WHAT THIS TASK INVOLVES
Give the data again exactly, from its opening line through the line in which "90s US ARMY 집업 후드티 XL 그레이 미군 실물 7477" appears.

MATERIAL SHOWN
-=-=-=-=-
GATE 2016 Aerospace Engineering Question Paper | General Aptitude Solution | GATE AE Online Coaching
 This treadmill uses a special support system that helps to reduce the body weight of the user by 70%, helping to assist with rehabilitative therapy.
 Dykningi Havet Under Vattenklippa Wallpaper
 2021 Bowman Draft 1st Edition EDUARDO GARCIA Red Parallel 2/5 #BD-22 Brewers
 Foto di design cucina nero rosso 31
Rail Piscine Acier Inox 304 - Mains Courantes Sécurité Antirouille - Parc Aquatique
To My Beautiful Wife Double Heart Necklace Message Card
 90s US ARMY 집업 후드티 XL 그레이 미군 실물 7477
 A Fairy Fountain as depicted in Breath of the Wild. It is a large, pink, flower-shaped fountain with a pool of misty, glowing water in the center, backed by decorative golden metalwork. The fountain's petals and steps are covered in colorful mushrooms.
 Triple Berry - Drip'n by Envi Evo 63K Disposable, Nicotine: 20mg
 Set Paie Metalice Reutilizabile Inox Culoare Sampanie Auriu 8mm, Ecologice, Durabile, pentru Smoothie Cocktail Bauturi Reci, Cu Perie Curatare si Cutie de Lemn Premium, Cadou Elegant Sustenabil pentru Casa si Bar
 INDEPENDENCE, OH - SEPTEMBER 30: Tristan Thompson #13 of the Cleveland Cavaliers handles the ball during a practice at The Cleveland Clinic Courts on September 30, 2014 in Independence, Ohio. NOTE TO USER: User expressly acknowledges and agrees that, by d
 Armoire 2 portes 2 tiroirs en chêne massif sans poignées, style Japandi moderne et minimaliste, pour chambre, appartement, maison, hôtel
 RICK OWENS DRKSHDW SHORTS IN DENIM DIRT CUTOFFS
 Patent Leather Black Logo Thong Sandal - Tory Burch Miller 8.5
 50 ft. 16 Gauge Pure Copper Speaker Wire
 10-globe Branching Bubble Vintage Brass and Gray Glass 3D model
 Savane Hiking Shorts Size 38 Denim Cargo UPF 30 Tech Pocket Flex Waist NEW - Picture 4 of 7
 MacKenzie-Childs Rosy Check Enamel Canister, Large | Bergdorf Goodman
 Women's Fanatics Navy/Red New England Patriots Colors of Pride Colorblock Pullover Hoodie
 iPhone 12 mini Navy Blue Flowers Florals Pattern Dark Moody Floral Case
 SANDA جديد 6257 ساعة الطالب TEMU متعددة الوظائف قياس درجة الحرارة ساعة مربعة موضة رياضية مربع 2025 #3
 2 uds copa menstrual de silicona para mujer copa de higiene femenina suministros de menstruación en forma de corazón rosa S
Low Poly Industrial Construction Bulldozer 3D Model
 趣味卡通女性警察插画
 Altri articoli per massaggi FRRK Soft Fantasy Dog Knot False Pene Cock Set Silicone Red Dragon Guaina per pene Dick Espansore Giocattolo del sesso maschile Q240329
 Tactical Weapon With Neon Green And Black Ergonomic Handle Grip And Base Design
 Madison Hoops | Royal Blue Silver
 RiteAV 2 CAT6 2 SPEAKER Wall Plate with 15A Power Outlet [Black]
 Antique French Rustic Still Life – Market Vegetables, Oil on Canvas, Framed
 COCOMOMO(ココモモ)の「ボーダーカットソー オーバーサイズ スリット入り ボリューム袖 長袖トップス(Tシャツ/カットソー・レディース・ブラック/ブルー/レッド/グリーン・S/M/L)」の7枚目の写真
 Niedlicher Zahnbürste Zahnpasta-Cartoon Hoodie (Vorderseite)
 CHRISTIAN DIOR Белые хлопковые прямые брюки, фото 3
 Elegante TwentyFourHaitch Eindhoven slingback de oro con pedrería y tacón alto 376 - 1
-=-=-=-=-
REPLY TO THE TASK
GATE 2016 Aerospace Engineering Question Paper | General Aptitude Solution | GATE AE Online Coaching
 This treadmill uses a special support system that helps to reduce the body weight of the user by 70%, helping to assist with rehabilitative therapy.
 Dykningi Havet Under Vattenklippa Wallpaper
 2021 Bowman Draft 1st Edition EDUARDO GARCIA Red Parallel 2/5 #BD-22 Brewers
 Foto di design cucina nero rosso 31
Rail Piscine Acier Inox 304 - Mains Courantes Sécurité Antirouille - Parc Aquatique
To My Beautiful Wife Double Heart Necklace Message Card
 90s US ARMY 집업 후드티 XL 그레이 미군 실물 7477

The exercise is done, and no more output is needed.